Who is the “Who” Who Teaches?

As I’m planning for the final session of the New Faculty Institute, titled “Your Inner Teacher: Cultivating an Authentic Pedagogical Approach,” I’m struck by this quote from Parker Palmer’s The Courage to Teach (the title for the session is also taken from a quote from this book):

Seldom, if ever, do we ask the ‘who’ question– who is the self that teaches?  How does the quality of my selfhood form– or deform– the way I relate to my students, my subject, my colleagues, my world?  How can educational institutions sustain and deepen the selfhood from which good teaching comes?”

This quote has always been a sort of an ars poetica for me– the “who am I?” question is the one I most often asked myself during my decade in the classroom.

In this new position, the final question becomes even more relevant to me, but on a bigger scale.  In my role as Program Administrator, Faculty Development, I am now thinking not just about the 34 community and technical colleges as separate institutions, and how I might support them in this work of sustaining and deepening faculty selfhood, but also about the 15,000 or so faculty in our system.

In what ways can we, the Assessment, Teaching, and Learning department, my boss and I, help these faculty members sustain and deepen the selfhood from which good teaching comes?

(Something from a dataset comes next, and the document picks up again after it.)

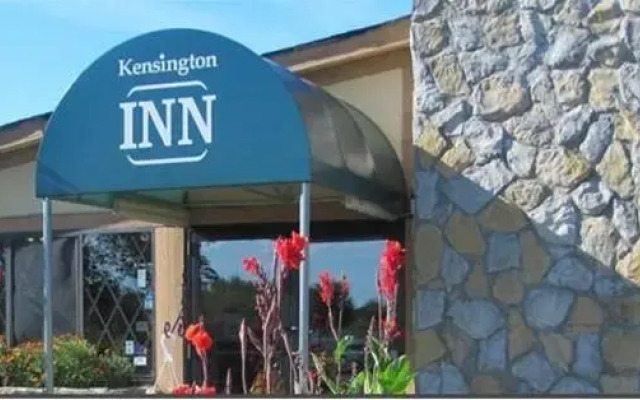 Kensington Inn - Howell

It’s a wonderful question– one with many answers.  I feel so fortunate that I get to explore faculty development in this way.

Teachers . . .  what are your answers to these questions?  Who is the self who teaches?  How does your educational institution sustain and deepen the selfhood from which good teaching comes?

And . . . what suggestions do you have for me as Program Administrator?

Have a wonderful three day weekend, everyone!